DATA TO EXAMINE —
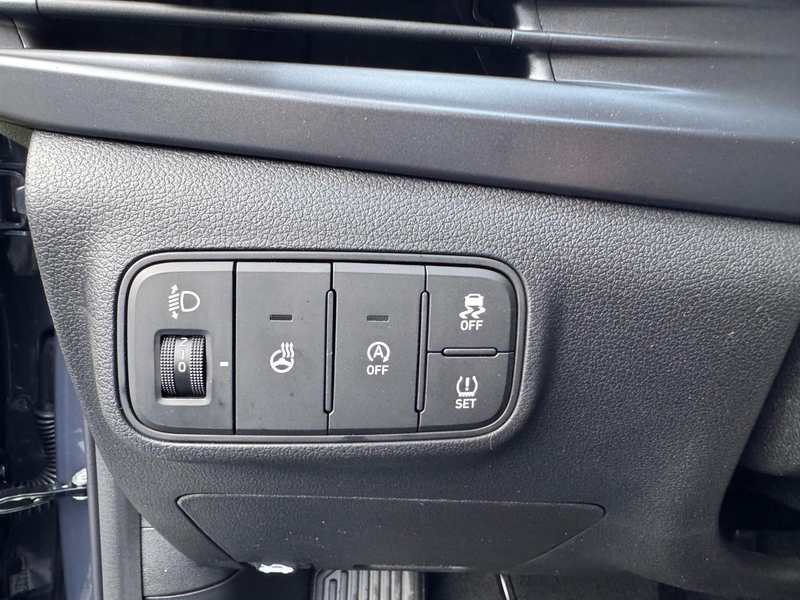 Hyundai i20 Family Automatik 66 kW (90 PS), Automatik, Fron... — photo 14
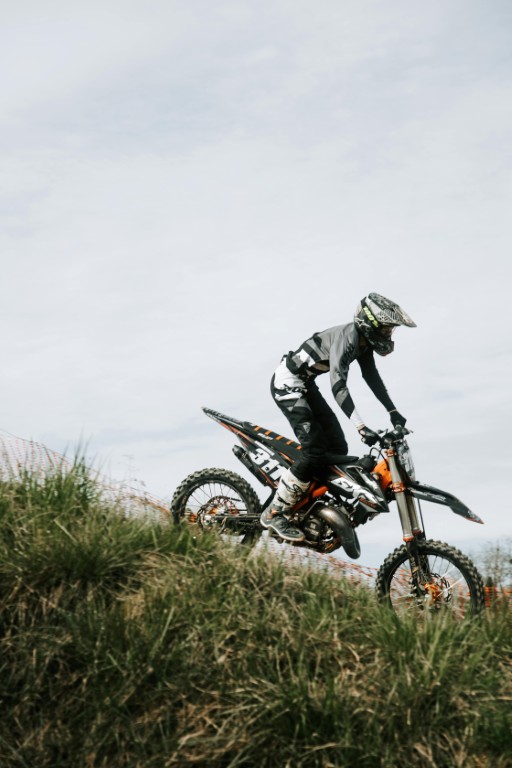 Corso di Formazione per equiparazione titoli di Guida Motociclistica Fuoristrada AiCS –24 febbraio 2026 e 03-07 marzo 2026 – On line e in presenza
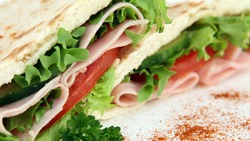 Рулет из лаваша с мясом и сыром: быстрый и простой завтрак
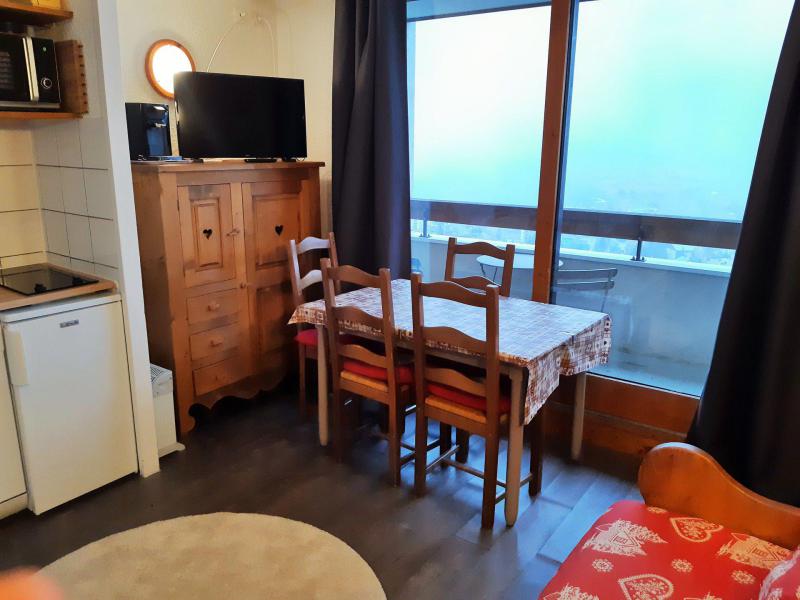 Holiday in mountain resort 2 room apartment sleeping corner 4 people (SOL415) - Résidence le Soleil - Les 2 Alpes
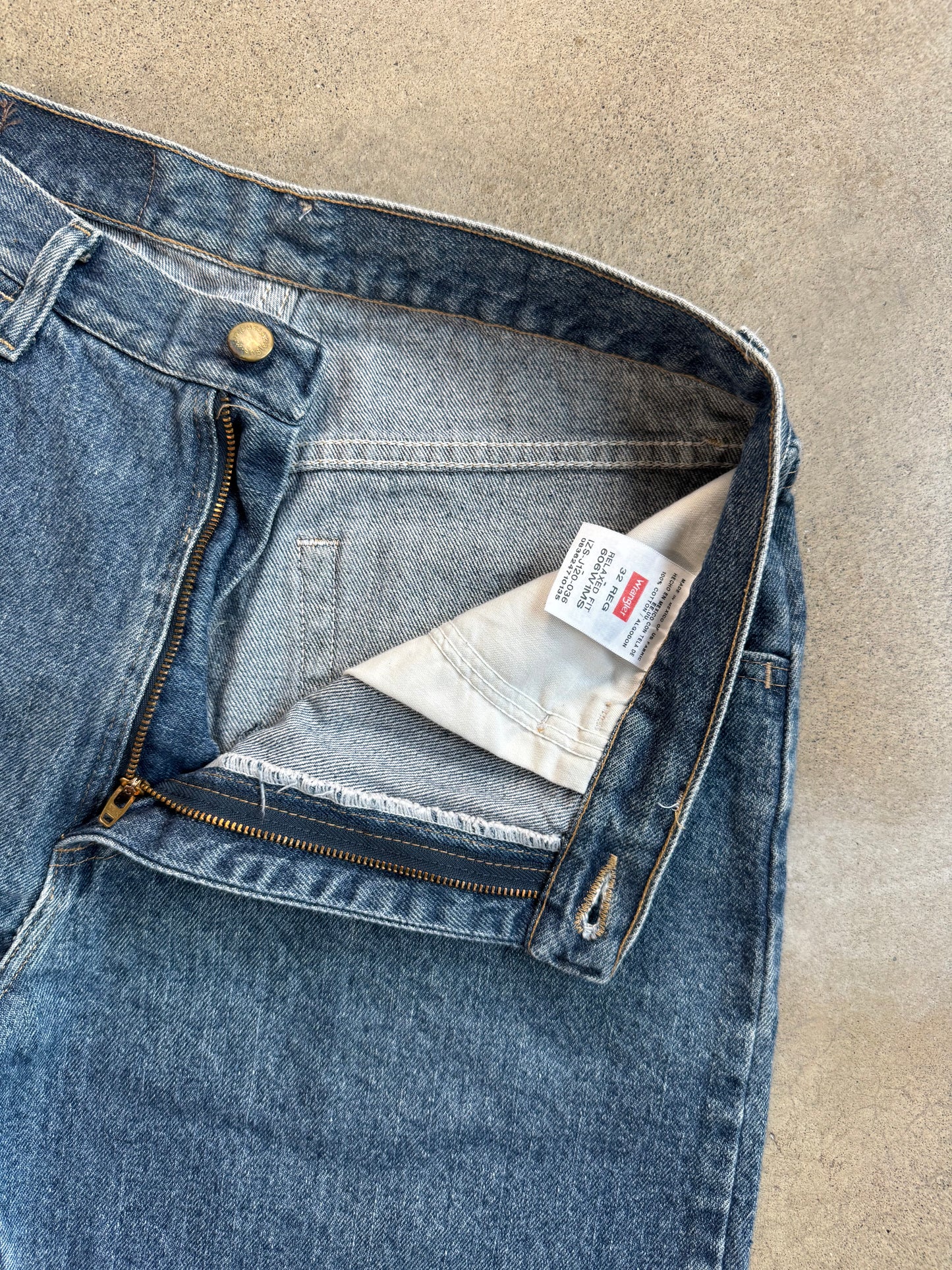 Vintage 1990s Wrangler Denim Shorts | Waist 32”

* * *

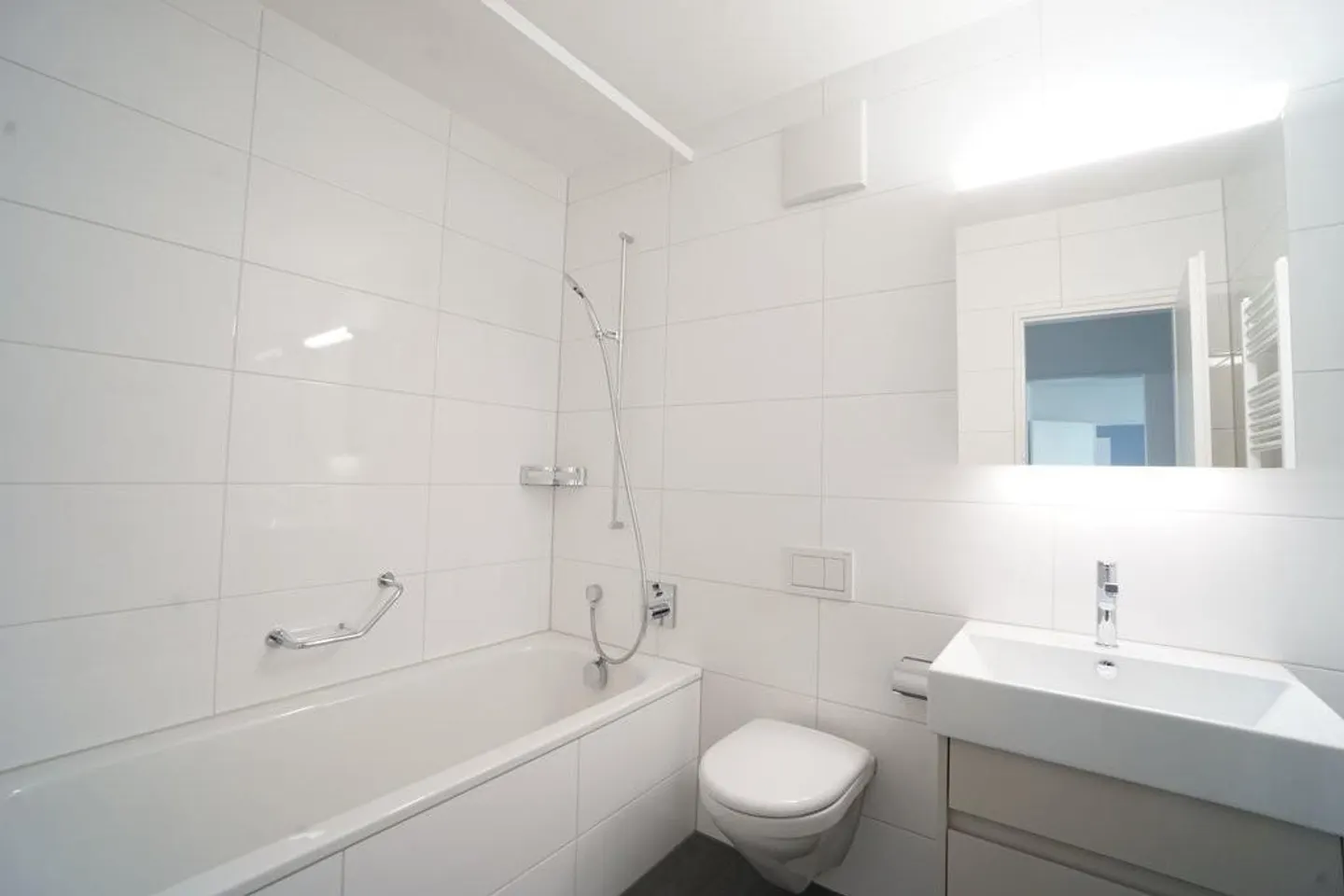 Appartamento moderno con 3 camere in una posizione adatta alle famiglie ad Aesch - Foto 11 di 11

* * *

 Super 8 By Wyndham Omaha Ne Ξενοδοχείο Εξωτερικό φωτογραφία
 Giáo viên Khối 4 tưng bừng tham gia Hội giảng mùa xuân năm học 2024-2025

WORK ORDER —
In the material above, the stretch from the line with "Corso di Formazione" through the line with "Vintage 1990s Wrangler" is to be given again exactly, minus the pictures.

OUTPUT FOR THIS EXERCISE —
 Corso di Formazione per equiparazione titoli di Guida Motociclistica Fuoristrada AiCS –24 febbraio 2026 e 03-07 marzo 2026 – On line e in presenza
 Рулет из лаваша с мясом и сыром: быстрый и простой завтрак
 Holiday in mountain resort 2 room apartment sleeping corner 4 people (SOL415) - Résidence le Soleil - Les 2 Alpes
 Vintage 1990s Wrangler Denim Shorts | Waist 32”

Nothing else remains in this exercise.